## [What this task involves]
From the records below, print only the part that opens with the line containing "Strapless satin dress size 6 great condition" and closes with the line containing "Building Photo - Renovated"; omit the pictures.

## [Task input]
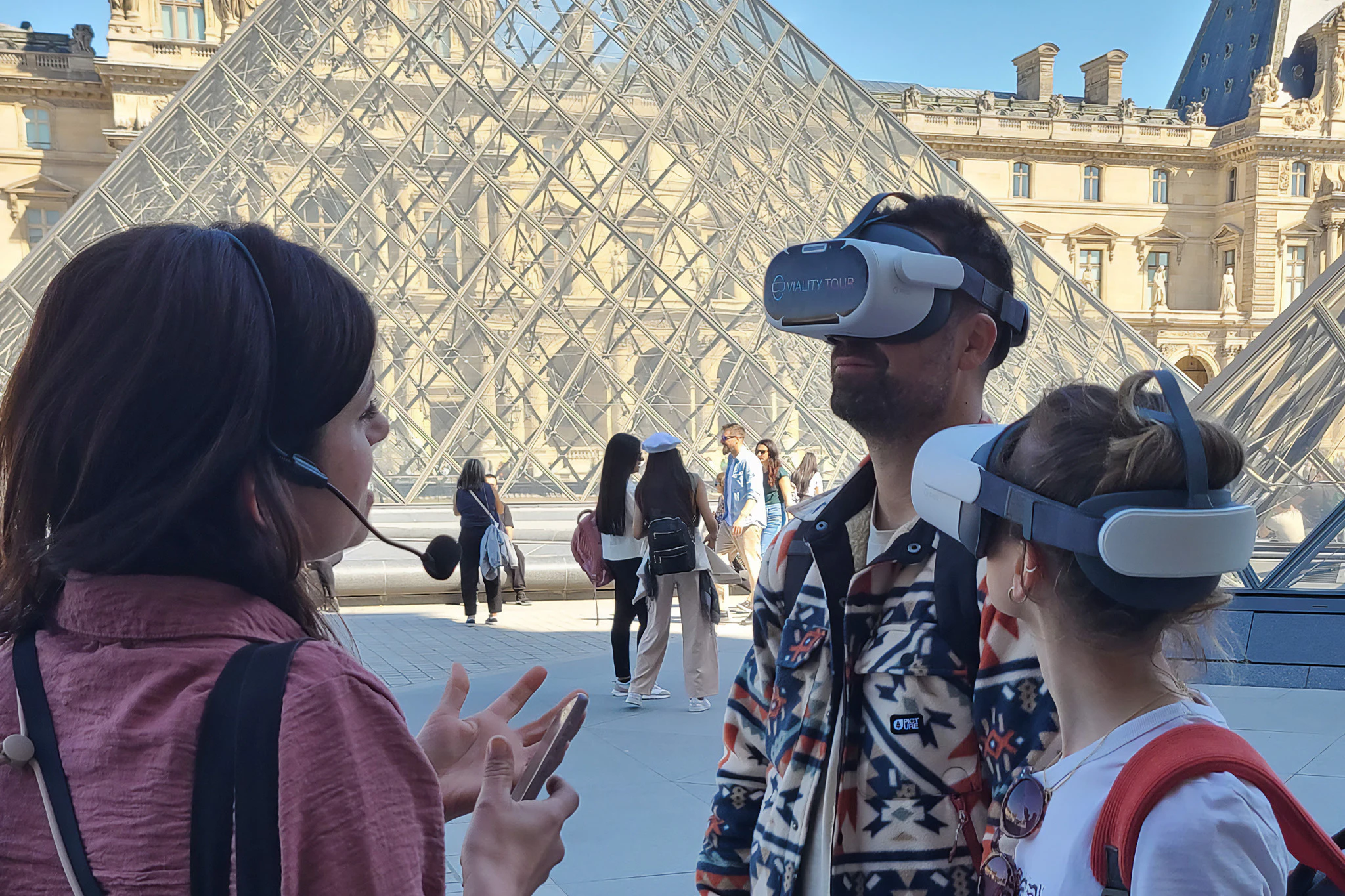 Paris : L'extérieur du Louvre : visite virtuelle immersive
* * *
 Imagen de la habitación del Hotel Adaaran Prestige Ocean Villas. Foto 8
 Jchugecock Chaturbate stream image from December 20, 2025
* * *
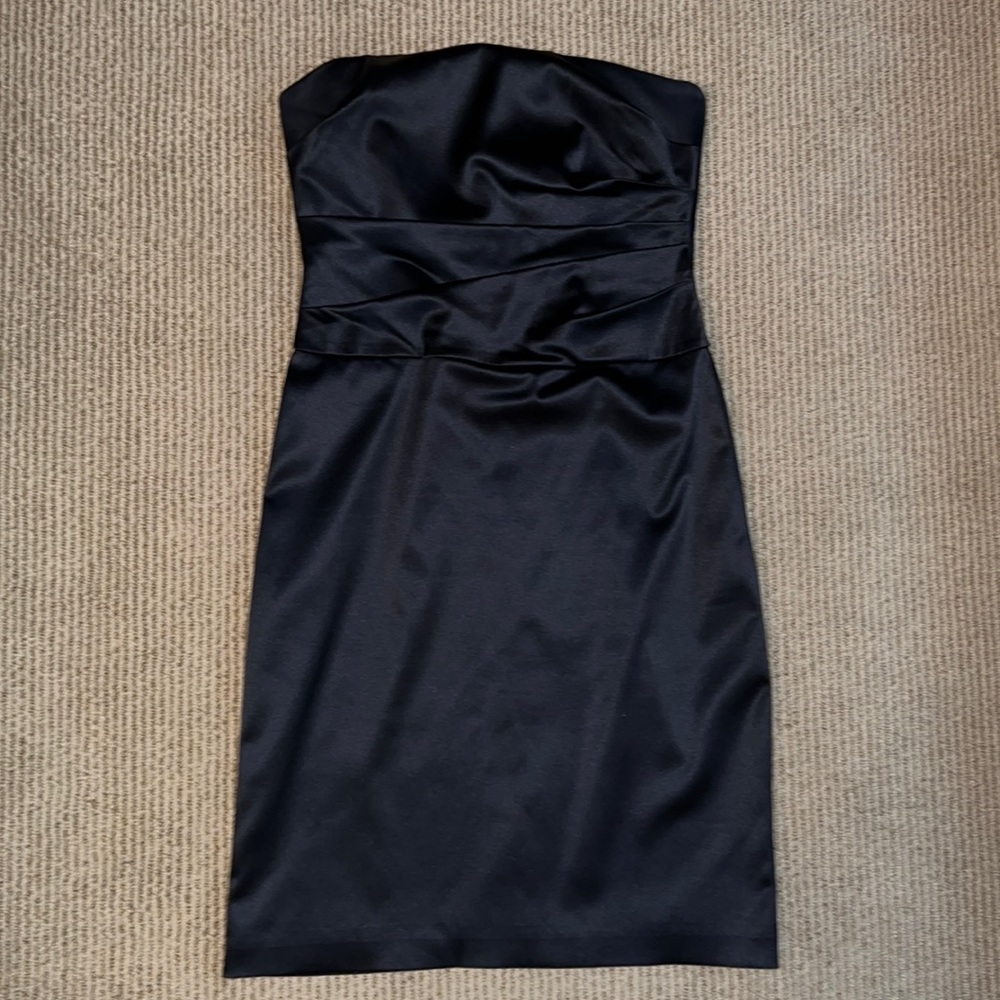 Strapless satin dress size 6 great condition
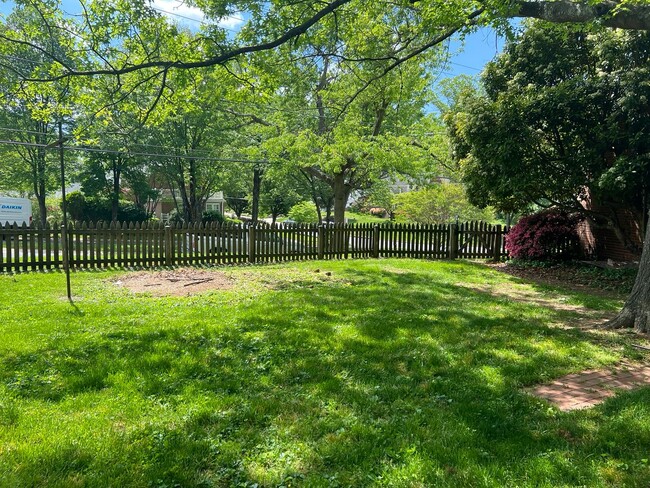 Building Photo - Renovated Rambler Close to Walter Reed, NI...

## [Written answer]
 Strapless satin dress size 6 great condition
 Building Photo - Renovated Rambler Close to Walter Reed, NI...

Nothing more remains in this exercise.